Sustaining and disruptive innovation
Christensen defines two forms of innovations. Sustaining innovations, as he calls them, improve on established products. Disruptive innovations, on the other hand, disrupt the value proposition. Less sophisticated, less powerful and of lower quality, they are also less expensive, more user-friendly and sufficient to the task. A modern-day example of this would be the shift from traditional television to web-based video streaming platforms.
Christensen holds that established companies inevitably offer more quality than customers need, want or can afford. They sacrifice the low end. Thus, disruptive innovations debut at the market’s bottom among new consumers.

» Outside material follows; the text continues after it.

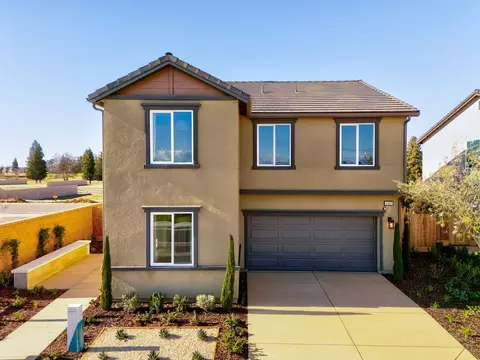 2878 E Veleta Dr, Fresno, CA 93730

When he wrote his instant classic in 1997, Christensen used examples from hardware manufacturing. Some of today’s critics hold that his examples cannot sufficiently account for the behavior of software and/or Internet-driven companies. This discounts Christensen’s regularly updated editions and subsequent books. As the rise of video streaming demonstrates, contemporary developments prove that Christensen’s theories apply to companies created yesterday as well as to those created in the 1990s and before. He codifies primary truths of contemporary business – and manages to deliver them with the elegance and power of a Zen koan.
Opportunity at the bottom
The appeal of his book owes a lot to a surprising discovery: the fact that disruptive innovations typically appeal to the least desirable customers. Steel mini-mills, for example, made steel suitable only for reinforcing rods. This was the low end of the market in quality, price and margins. Established steel companies couldn’t profit in this market, so they abandoned it to mini-mills, which could. They went on to improve the quality of their steel and to add bars and iron angles as additional products.

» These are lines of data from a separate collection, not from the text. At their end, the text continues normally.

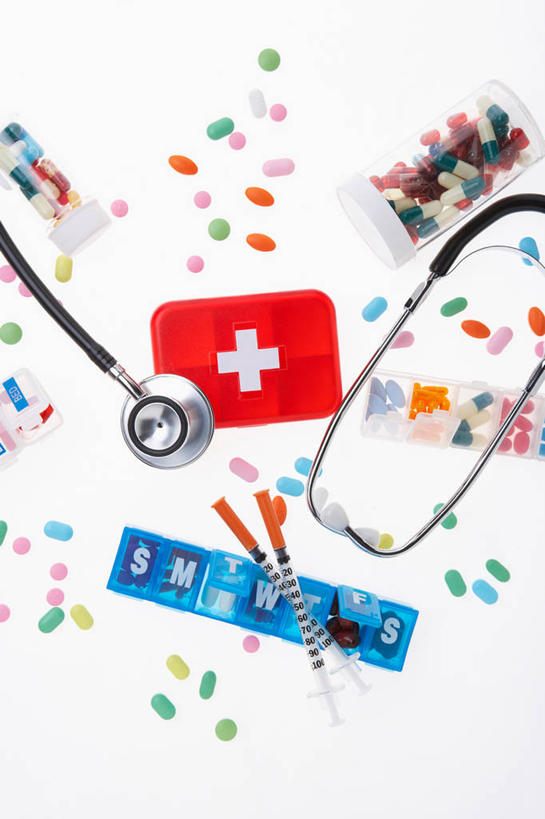 无人,竖图,俯视,室内,特写,白天,白色背景,安全,静物,许多,药剂,塑料,防护,很多,胶囊,盒子,红色,容器,塑料制品,听诊器,箱子,药品,针管,针筒,治疗,注射,摄影,影棚,储藏,保护,药物,医疗,医疗设备,注射器,药箱,储存,医疗器械,保险,预防,医疗工具,检测工具,平安,彩图,高角度拍摄,影棚拍摄,拍摄,贮存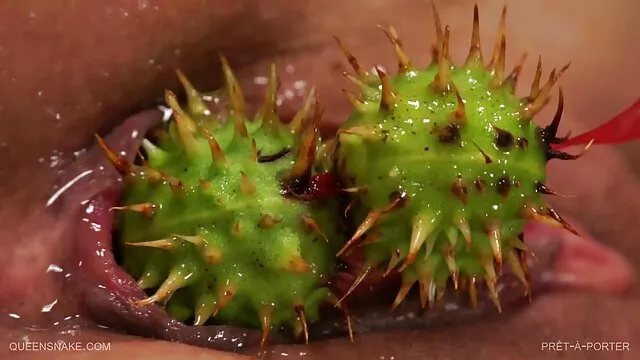 Sovány egy kukkolós videók bőrönd punci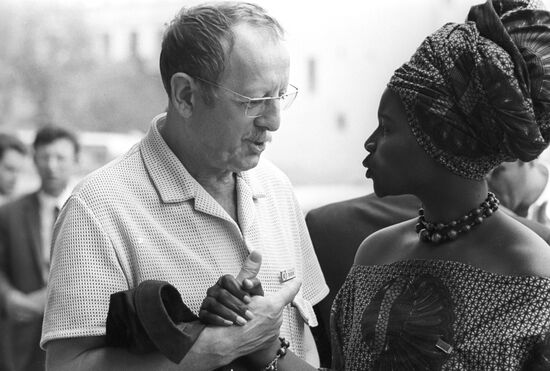 Erwin Geschonneck and N'Dyane Yunus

The established companies, Christensen notes with a shake of his head you can see as you read, again abandoned those products and sacrificed the lion’s share of the market. As he shows, their high-cost structures meant they could not compete with upstarts. Over and over, in industry after industry, established companies focused on the top of the market and created opportunity at the bottom.

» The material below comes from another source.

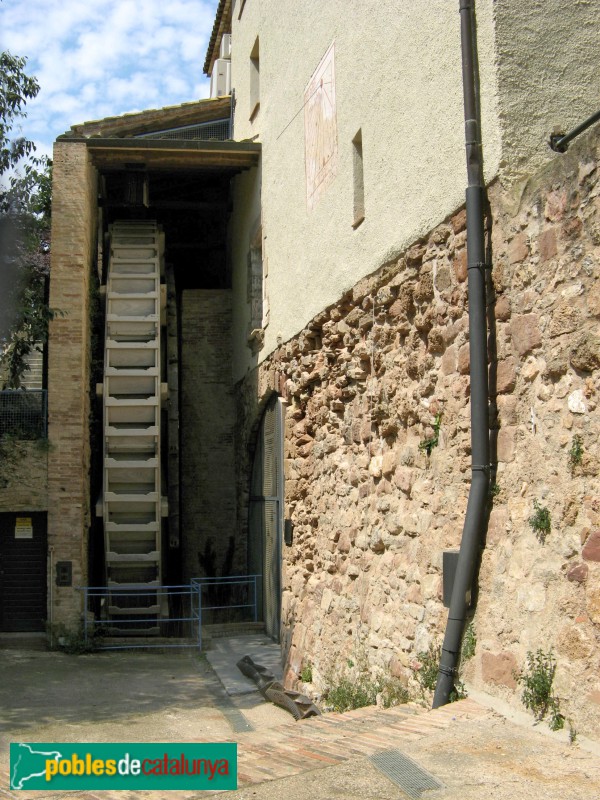 Vallirana - Molí de Can Batlle (Foto: Albert Esteves, 2007) Vallirana - Molí de Can Batlle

Blindly following the maxim that good managers should keep close to their customers can sometimes be a fatal mistake.
Christensen offers another provocative insight: Listening to your clients is dangerous. He explains that by establishing the concept of “value networks”: A firm that serves the customers in its particular value network may find it hard to satisfy them in a different one. Christensen draws a logical, but sobering conclusion: Customers can’t lead a company to disruptive innovations. And he makes a fine, worthy distinction: Disruptive technology investment is a marketing initiative, not a technological initiative.
Disruption isn’t for everyone
Christensen – arguably too pessimistically – asserts that established companies invariably lack the information to justify an investment in disruptive technology. He warns that risk is high, while he insists that failure and learning from failure are the path to disruptive technology success. Interestingly, it’s exactly this insight from more than two decades ago that has not just become a cornerstone of disruptive companies’ practices, but that also appears in most contemporary management advice books. No one does it better than Christensen himself, though. He presents his idea with so much common sense that companies going back to his classic may yet learn more from it.
As with its innately paradoxical theory, the sustained dominance of The Innovator’s Dilemma thus provides an ironic paradox: Its author maintains that all those who disrupt will suffer eventual disruption. Yet, in more than two decades, no book has disrupted The Innovator’s Dilemma’s dominance or necessity.